Records from a data collection
----

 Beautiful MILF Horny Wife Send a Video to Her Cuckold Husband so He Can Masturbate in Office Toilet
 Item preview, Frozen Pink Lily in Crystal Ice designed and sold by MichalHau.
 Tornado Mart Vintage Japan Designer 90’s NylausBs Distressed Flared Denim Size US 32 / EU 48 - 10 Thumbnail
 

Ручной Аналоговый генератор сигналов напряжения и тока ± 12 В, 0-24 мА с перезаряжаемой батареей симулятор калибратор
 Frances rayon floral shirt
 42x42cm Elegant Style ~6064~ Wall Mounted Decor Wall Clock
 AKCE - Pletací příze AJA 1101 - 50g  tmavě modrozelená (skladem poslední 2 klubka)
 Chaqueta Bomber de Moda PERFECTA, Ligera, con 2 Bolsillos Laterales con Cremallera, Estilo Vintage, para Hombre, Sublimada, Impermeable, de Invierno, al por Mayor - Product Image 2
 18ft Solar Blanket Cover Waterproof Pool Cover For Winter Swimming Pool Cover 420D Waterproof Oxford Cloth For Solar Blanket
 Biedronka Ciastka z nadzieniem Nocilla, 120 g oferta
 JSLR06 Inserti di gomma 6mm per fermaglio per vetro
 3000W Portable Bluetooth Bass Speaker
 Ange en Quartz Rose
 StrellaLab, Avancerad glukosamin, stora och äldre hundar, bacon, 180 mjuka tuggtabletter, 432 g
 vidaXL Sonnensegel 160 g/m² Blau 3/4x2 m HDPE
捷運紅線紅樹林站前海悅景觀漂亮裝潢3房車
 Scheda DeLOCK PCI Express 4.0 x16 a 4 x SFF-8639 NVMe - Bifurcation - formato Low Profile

----

**Problem description**
Reproduce each entry precisely, so that nothing differs from the original.

**Answer**
 Beautiful MILF Horny Wife Send a Video to Her Cuckold Husband so He Can Masturbate in Office Toilet
 Item preview, Frozen Pink Lily in Crystal Ice designed and sold by MichalHau.
 Tornado Mart Vintage Japan Designer 90’s NylausBs Distressed Flared Denim Size US 32 / EU 48 - 10 Thumbnail
 

Ручной Аналоговый генератор сигналов напряжения и тока ± 12 В, 0-24 мА с перезаряжаемой батареей симулятор калибратор
 Frances rayon floral shirt
 42x42cm Elegant Style ~6064~ Wall Mounted Decor Wall Clock
 AKCE - Pletací příze AJA 1101 - 50g  tmavě modrozelená (skladem poslední 2 klubka)
 Chaqueta Bomber de Moda PERFECTA, Ligera, con 2 Bolsillos Laterales con Cremallera, Estilo Vintage, para Hombre, Sublimada, Impermeable, de Invierno, al por Mayor - Product Image 2
 18ft Solar Blanket Cover Waterproof Pool Cover For Winter Swimming Pool Cover 420D Waterproof Oxford Cloth For Solar Blanket
 Biedronka Ciastka z nadzieniem Nocilla, 120 g oferta
 JSLR06 Inserti di gomma 6mm per fermaglio per vetro
 3000W Portable Bluetooth Bass Speaker
 Ange en Quartz Rose
 StrellaLab, Avancerad glukosamin, stora och äldre hundar, bacon, 180 mjuka tuggtabletter, 432 g
 vidaXL Sonnensegel 160 g/m² Blau 3/4x2 m HDPE
捷運紅線紅樹林站前海悅景觀漂亮裝潢3房車
 Scheda DeLOCK PCI Express 4.0 x16 a 4 x SFF-8639 NVMe - Bifurcation - formato Low Profile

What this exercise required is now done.